Chu H W, Kraft M, Krause J E, Rex M D, Martin R J
Department of Medicine, National Jewish Medical and Research Center and the University of Colorado Health Sciences Center, Denver, CO 80206, USA.
J Allergy Clin Immunol. 2000 Oct;106(4):713-22. doi: 10.1067/mai.2000.109829.
Neural mechanisms have been suggested to contribute to the pathogenesis of chronic asthma. The expression of neuropeptides such as substance P may be regulated by infectious pathogens, including Mycoplasma species. In contrast to substance P, the substance P receptor neurokinin 1 has not been examined at the protein level in asthmatic airways.
This study evaluated substance P and neurokinin 1 protein expression and mucus content in endobronchial biopsy specimens from normal control subjects and asthmatic subjects. Detection of Mycoplasma pneumoniae was performed in both biopsy and bronchoalveolar lavage specimens.
Biopsy specimens were collected from 10 normal control subjects and 18 asthmatic subjects before and after a 6-week treatment with a macrolide antibiotic (n = 11) or placebo (n = 7) and were stained for substance P, neurokinin 1, and mucus. M pneumoniae was evaluated by PCR.
At baseline, compared with normal control subjects, asthmatic subjects demonstrated increased expression of substance P and neurokinin 1 and mucus content in the airway epithelium. Epithelial mucus content correlated with epithelial substance P expression (r (s) = 0.45, P =.04) and FEV(1) percent predicted (r (s) = -0.51, P =.019). After antibiotic treatment, both epithelial substance P and neurokinin 1 expression were significantly reduced in asthmatic subjects. M pneumoniae was found in 8 of 18 asthmatic subjects. Asthmatic subjects with M pneumoniae, compared with those without M pneumoniae, showed higher baseline epithelial neurokinin 1 expression, which was significantly reduced after antibiotic treatment (P =.02).
Our data suggest that abnormalities in neural mechanisms may exist in the epithelium of asthmatic airways, and M pneumoniae is possibly involved in this process. Antibiotic intervention may be effective in the treatment of asthma partly through the downregulation of the neurogenic process.

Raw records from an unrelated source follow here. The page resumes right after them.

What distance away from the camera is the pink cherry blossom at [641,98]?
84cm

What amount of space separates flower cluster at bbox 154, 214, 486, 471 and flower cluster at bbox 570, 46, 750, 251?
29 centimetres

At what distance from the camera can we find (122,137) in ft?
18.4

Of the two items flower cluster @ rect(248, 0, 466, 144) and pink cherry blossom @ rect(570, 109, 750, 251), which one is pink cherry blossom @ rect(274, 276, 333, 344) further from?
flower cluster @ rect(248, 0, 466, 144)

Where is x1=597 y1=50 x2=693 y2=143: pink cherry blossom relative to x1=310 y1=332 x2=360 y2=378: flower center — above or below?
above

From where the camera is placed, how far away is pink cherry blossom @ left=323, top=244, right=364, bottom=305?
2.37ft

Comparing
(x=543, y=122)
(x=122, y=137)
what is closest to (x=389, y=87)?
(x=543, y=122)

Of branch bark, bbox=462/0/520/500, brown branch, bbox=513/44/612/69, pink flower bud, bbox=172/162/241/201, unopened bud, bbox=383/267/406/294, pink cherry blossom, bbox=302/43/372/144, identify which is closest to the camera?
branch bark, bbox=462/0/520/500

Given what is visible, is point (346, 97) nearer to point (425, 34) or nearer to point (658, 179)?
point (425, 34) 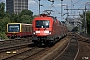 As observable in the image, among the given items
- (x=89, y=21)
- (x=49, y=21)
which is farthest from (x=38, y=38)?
(x=89, y=21)

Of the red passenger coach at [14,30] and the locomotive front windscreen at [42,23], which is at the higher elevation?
the locomotive front windscreen at [42,23]

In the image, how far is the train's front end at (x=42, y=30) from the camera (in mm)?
25781

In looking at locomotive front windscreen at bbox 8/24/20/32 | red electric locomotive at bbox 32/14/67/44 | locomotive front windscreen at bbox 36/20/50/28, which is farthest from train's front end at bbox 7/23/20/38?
locomotive front windscreen at bbox 36/20/50/28

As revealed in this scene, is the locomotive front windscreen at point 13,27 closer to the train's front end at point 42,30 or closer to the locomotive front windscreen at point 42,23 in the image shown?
the train's front end at point 42,30

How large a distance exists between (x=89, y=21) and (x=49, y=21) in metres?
55.1

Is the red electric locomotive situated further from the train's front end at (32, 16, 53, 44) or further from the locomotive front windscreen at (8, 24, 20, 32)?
the locomotive front windscreen at (8, 24, 20, 32)

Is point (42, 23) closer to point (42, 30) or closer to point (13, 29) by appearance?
point (42, 30)

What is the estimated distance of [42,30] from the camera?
85.4ft

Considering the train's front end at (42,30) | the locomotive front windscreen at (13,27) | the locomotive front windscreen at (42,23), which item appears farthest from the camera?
the locomotive front windscreen at (13,27)

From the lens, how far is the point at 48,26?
2623 cm

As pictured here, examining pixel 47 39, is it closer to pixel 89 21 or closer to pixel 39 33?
pixel 39 33

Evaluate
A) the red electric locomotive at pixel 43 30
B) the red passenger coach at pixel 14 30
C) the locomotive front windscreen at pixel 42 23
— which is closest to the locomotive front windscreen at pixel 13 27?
the red passenger coach at pixel 14 30

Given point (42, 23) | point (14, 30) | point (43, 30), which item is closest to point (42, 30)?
point (43, 30)

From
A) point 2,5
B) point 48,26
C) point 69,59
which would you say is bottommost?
point 69,59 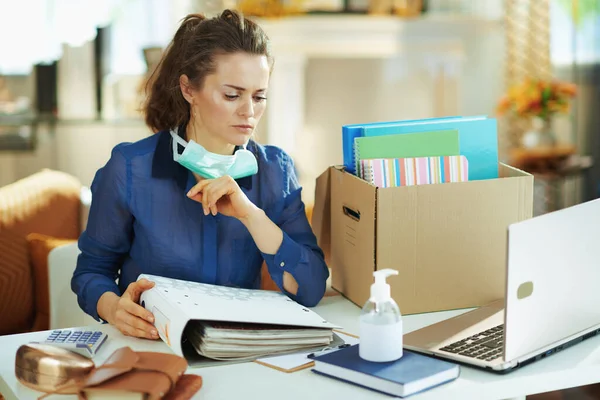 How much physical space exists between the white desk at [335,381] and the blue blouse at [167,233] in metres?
0.27

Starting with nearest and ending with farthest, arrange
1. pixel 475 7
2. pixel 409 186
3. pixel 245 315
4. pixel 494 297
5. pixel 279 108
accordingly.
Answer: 1. pixel 245 315
2. pixel 409 186
3. pixel 494 297
4. pixel 279 108
5. pixel 475 7

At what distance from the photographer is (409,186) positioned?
4.60ft

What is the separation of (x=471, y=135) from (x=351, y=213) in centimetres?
27

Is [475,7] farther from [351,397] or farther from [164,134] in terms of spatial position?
[351,397]

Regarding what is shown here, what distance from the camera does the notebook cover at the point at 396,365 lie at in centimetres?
108

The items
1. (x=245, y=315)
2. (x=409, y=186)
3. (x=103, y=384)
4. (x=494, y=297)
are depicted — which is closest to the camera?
(x=103, y=384)

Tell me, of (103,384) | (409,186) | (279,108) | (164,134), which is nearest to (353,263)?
(409,186)

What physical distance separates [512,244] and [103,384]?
54 cm

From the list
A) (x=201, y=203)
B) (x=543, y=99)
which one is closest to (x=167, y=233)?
(x=201, y=203)

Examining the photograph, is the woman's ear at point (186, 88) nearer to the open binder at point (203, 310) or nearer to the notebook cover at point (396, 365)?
the open binder at point (203, 310)

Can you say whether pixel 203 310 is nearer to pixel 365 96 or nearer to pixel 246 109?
pixel 246 109

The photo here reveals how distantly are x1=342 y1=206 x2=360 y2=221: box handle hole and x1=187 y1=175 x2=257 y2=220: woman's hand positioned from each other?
0.18 metres

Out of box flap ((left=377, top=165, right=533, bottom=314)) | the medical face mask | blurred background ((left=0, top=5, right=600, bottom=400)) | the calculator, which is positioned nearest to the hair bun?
the medical face mask

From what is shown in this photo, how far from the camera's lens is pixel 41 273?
2.08 metres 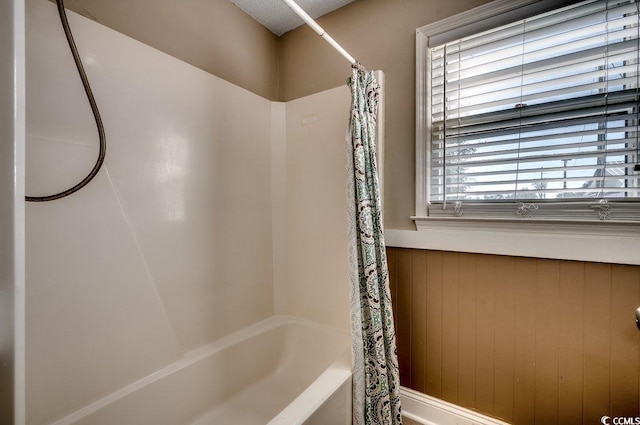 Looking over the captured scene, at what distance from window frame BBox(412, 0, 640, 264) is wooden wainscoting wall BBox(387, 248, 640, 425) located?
53 mm

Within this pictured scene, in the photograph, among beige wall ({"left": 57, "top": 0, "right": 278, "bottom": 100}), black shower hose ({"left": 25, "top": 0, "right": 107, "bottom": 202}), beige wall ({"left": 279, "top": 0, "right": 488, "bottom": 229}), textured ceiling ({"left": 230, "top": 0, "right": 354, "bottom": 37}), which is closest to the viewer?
black shower hose ({"left": 25, "top": 0, "right": 107, "bottom": 202})

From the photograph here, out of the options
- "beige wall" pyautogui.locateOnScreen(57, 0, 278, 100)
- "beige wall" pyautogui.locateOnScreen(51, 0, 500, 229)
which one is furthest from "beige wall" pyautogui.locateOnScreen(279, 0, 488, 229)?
"beige wall" pyautogui.locateOnScreen(57, 0, 278, 100)

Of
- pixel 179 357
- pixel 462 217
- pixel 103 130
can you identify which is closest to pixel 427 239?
pixel 462 217

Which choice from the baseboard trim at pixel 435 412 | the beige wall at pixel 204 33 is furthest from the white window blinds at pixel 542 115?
the beige wall at pixel 204 33

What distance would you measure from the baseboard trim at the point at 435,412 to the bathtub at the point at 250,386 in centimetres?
42

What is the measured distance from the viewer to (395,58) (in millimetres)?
1502

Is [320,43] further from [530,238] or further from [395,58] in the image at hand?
[530,238]

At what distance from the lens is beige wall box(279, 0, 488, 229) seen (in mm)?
1445

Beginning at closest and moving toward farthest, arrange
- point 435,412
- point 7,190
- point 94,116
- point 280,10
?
1. point 7,190
2. point 94,116
3. point 435,412
4. point 280,10

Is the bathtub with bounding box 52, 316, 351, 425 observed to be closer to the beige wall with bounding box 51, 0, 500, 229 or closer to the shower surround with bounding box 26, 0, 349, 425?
the shower surround with bounding box 26, 0, 349, 425

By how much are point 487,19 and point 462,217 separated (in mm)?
938

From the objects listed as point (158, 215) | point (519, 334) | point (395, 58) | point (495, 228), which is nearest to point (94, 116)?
point (158, 215)

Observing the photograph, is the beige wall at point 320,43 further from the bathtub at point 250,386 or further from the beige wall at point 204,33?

有研究表明神经机制在慢性哮喘的发病机制中起作用。P物质等神经肽的表达可能受包括支原体属在内的感染性病原体调节。与P物质不同,P物质受体神经激肽1在哮喘气道中的蛋白水平尚未得到研究。
本研究评估正常对照受试者和哮喘受试者支气管活检标本中P物质和神经激肽1的蛋白表达及黏液含量。同时对活检标本和支气管肺泡灌洗标本进行肺炎支原体检测。
收集10名正常对照受试者和18名哮喘受试者的活检标本,这些哮喘受试者在接受为期6周的大环内酯类抗生素(n = 11)或安慰剂(n = 7)治疗前后,对标本进行P物质、神经激肽1和黏液染色。通过聚合酶链反应评估肺炎支原体。
基线时,与正常对照受试者相比,哮喘受试者气道上皮中P物质和神经激肽1的表达及黏液含量增加。上皮黏液含量与上皮P物质表达相关(r(s)=0.45,P = 0.04),与预测的第1秒用力呼气容积百分比相关(r(s)= -0.51,P = 0.019)。抗生素治疗后,哮喘受试者上皮P物质和神经激肽1的表达均显著降低。18名哮喘受试者中有8名检测到肺炎支原体。与未感染肺炎支原体的哮喘受试者相比,感染肺炎支原体的哮喘受试者基线时上皮神经激肽1表达更高,抗生素治疗后显著降低(P = 0.02)。
我们的数据表明哮喘气道上皮可能存在神经机制异常,肺炎支原体可能参与此过程。抗生素干预可能部分通过下调神经源性过程对哮喘治疗有效。